Ss. Pío X, Basa, Teogonio, Agapio, Pisto, Bonoso y Maximiano, Ciriaca, Donato, Rómulo, Luxurio, Ciselo mrs; Cuadrado, Eupripio, Privado, Juliano, Leoncio obs; Teo-cleta, Paterno, Natal, cfs.
Introito
Madre del rey de la gloria, y por tanto con mucha razón cualquiera honra y felicidad que se halla en cada uno de los santos, toda junta con grande abundancia se halló María (S. Lorenzo Justiniano).
Amoroso centro de los pensamientos de Dios. Admirable privilegio de la gloria de María es que todo lo que después de Dios es lo más hermoso, más dulce, más alegre en aquella gloria de los bienaventurados, todo esto es de María, todo está en María y todo les viene por María (S. Buenaventura).

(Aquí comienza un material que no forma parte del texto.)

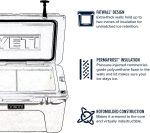 YETI Tundra 45 Cooler - Blue - Image 5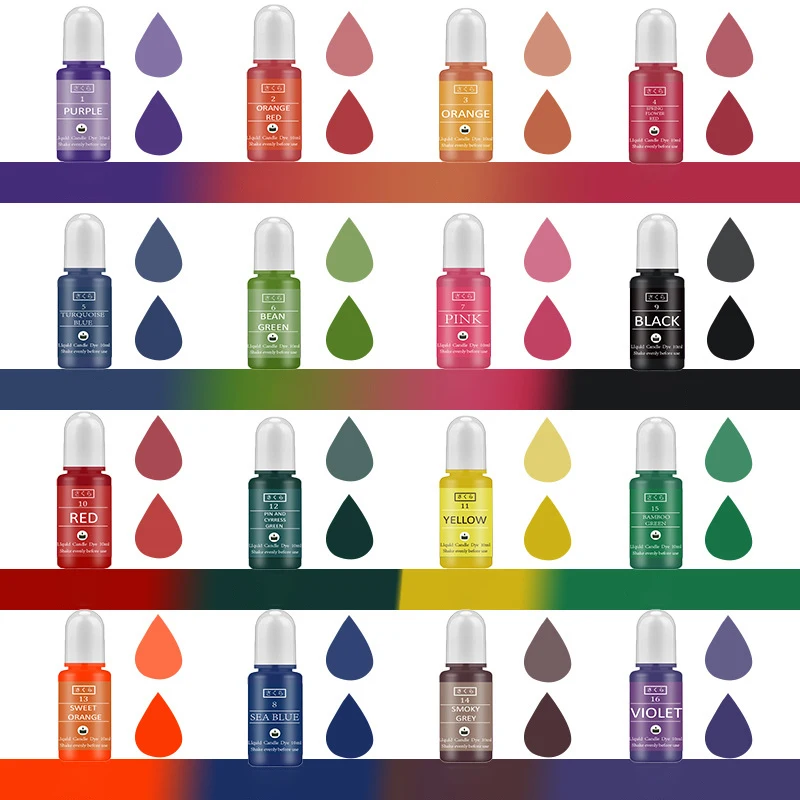 Kit di pigmenti in resina epos - Candle Making Diy recensione e prezzo
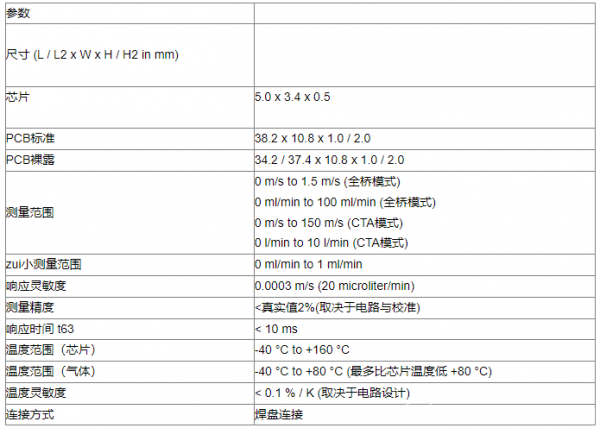 流量计在工业废气流量监控中的解决方案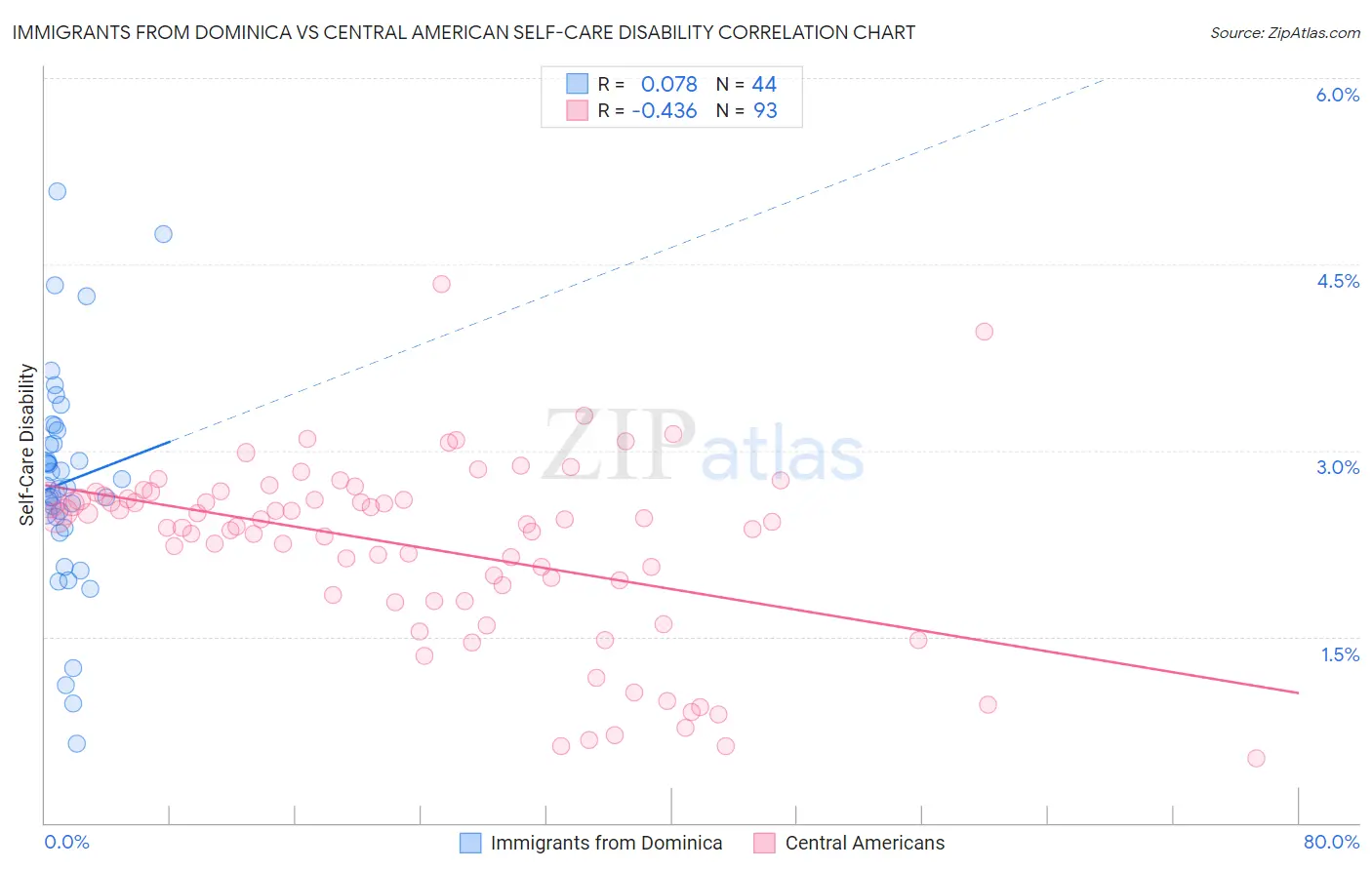 Immigrants from Dominica vs Central American Self-Care Disability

Rosa inmarcesible y fecunda (S. Buenaventura) Estaba muy puesto en razón, que pues María no tuvo pecado alguno, ni aún original no muriese como los otros pecheros a manos de verdugos de humores rebeldes, sino como noble tuviese un noble verdugo, y dulce tirano, que es el amor de Dios (S. Gregorio Nacianceno).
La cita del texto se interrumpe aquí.